**THE TASK**
This task calls for the lines below starting at the one containing "Teacher Off Duty, Last" and ending at the one containing "凤凰彩票_凤凰彩首页 卖这些, 微信永恒封号", repeated exactly with both ends kept and pictures left out.

*** MATERIAL FOR THE TASK

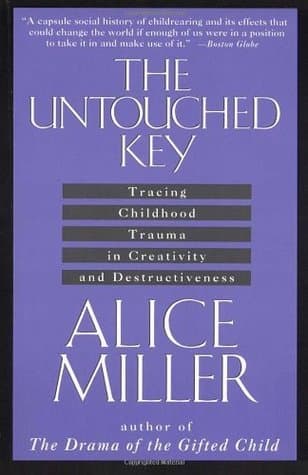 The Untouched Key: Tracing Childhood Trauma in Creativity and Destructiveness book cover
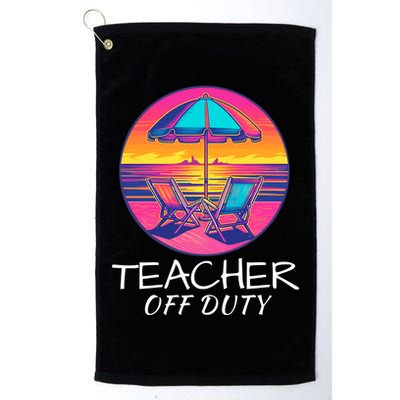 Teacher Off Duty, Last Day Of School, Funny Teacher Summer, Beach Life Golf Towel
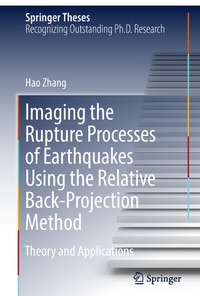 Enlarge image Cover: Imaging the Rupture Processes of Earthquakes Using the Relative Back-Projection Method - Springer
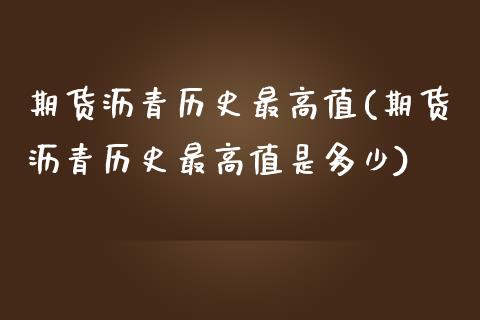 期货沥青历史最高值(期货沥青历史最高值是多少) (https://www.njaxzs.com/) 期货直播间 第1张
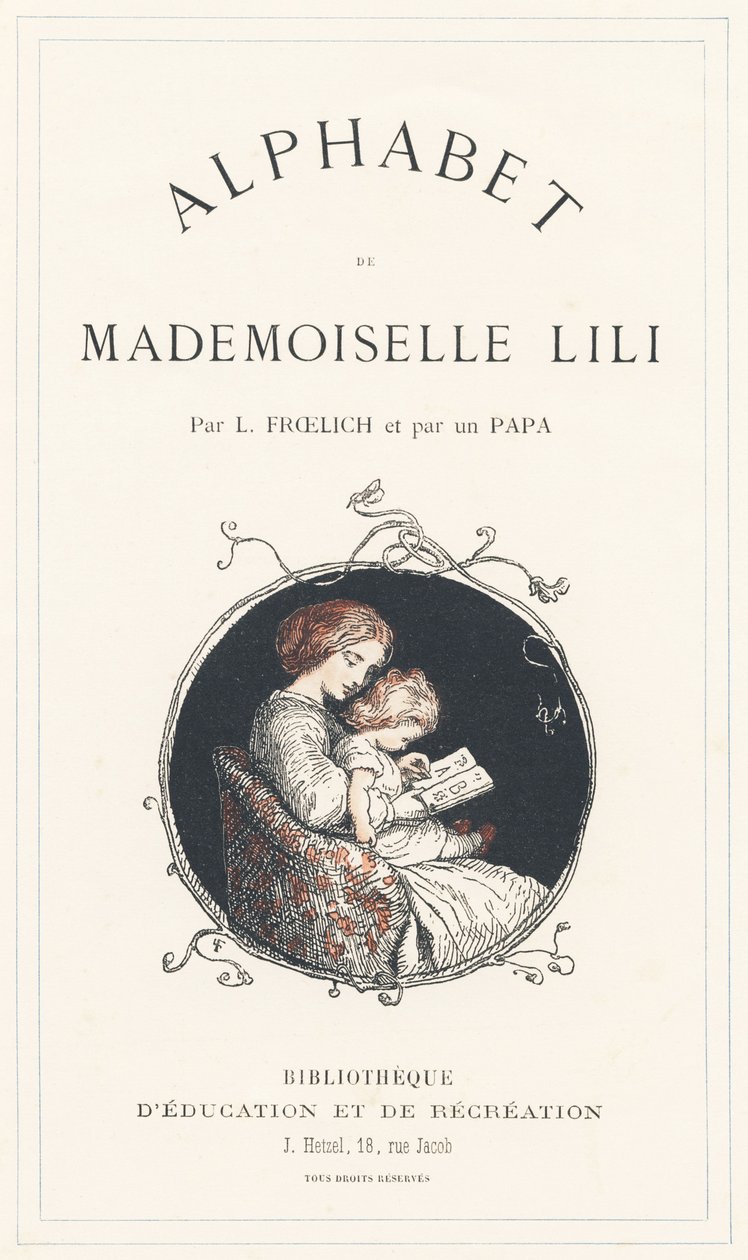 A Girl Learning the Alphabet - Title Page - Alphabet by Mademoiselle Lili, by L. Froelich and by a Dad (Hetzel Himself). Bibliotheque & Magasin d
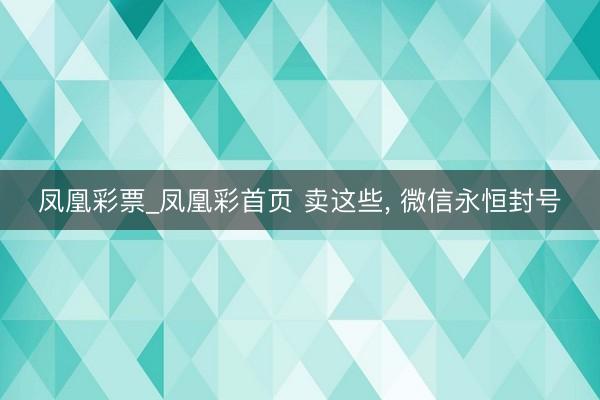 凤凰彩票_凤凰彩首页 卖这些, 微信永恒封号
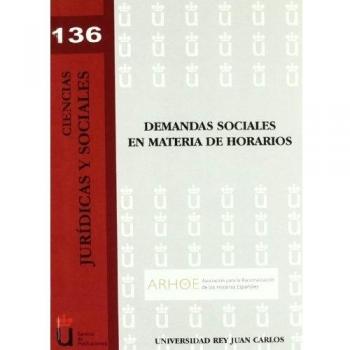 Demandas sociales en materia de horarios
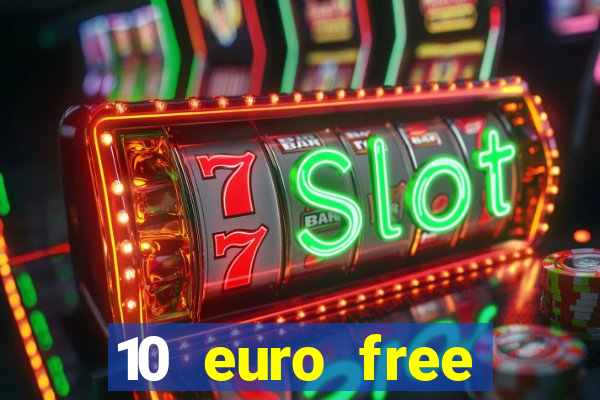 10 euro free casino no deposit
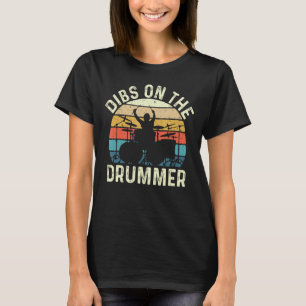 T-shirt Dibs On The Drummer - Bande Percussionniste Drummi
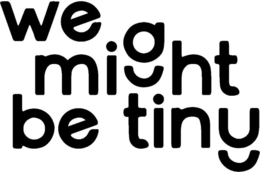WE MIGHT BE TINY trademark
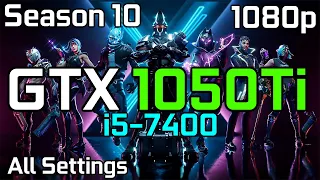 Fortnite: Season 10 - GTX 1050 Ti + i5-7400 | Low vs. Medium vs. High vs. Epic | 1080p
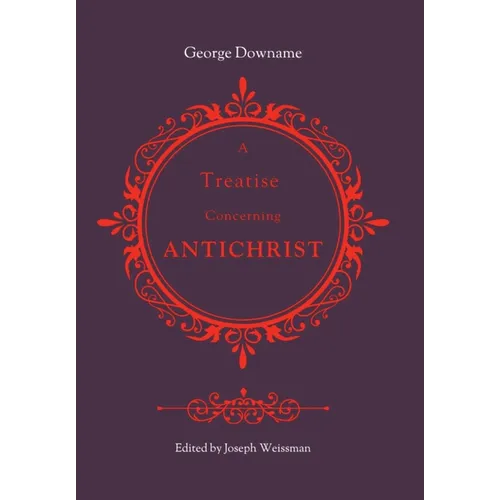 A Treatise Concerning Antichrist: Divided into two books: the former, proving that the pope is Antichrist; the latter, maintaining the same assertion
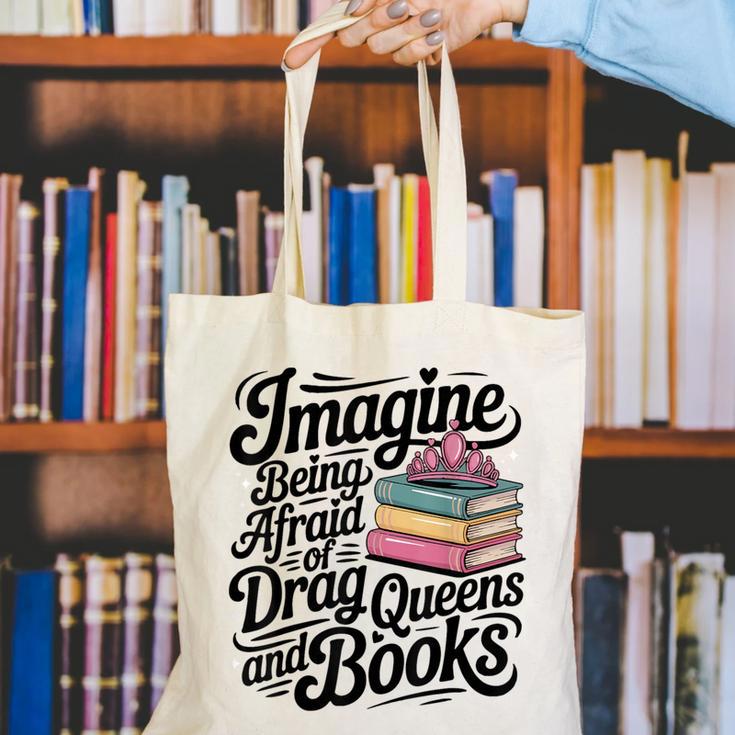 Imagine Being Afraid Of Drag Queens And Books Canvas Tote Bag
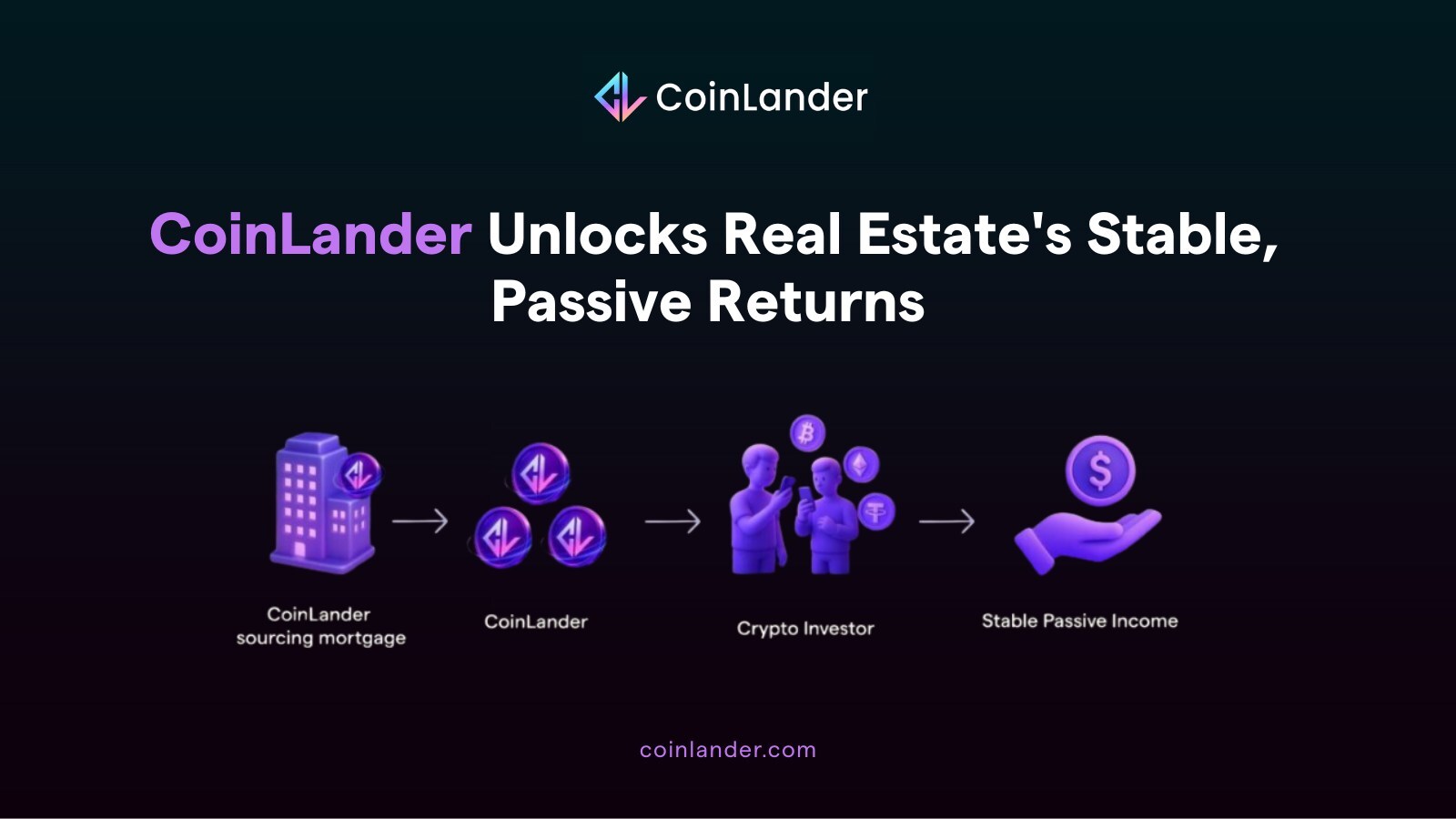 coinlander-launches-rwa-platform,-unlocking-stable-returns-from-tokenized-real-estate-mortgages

******

**RESULT**
 Teacher Off Duty, Last Day Of School, Funny Teacher Summer, Beach Life Golf Towel
 Enlarge image Cover: Imaging the Rupture Processes of Earthquakes Using the Relative Back-Projection Method - Springer
 期货沥青历史最高值(期货沥青历史最高值是多少) (https://www.njaxzs.com/) 期货直播间 第1张
 A Girl Learning the Alphabet - Title Page - Alphabet by Mademoiselle Lili, by L. Froelich and by a Dad (Hetzel Himself). Bibliotheque & Magasin d
 凤凰彩票_凤凰彩首页 卖这些, 微信永恒封号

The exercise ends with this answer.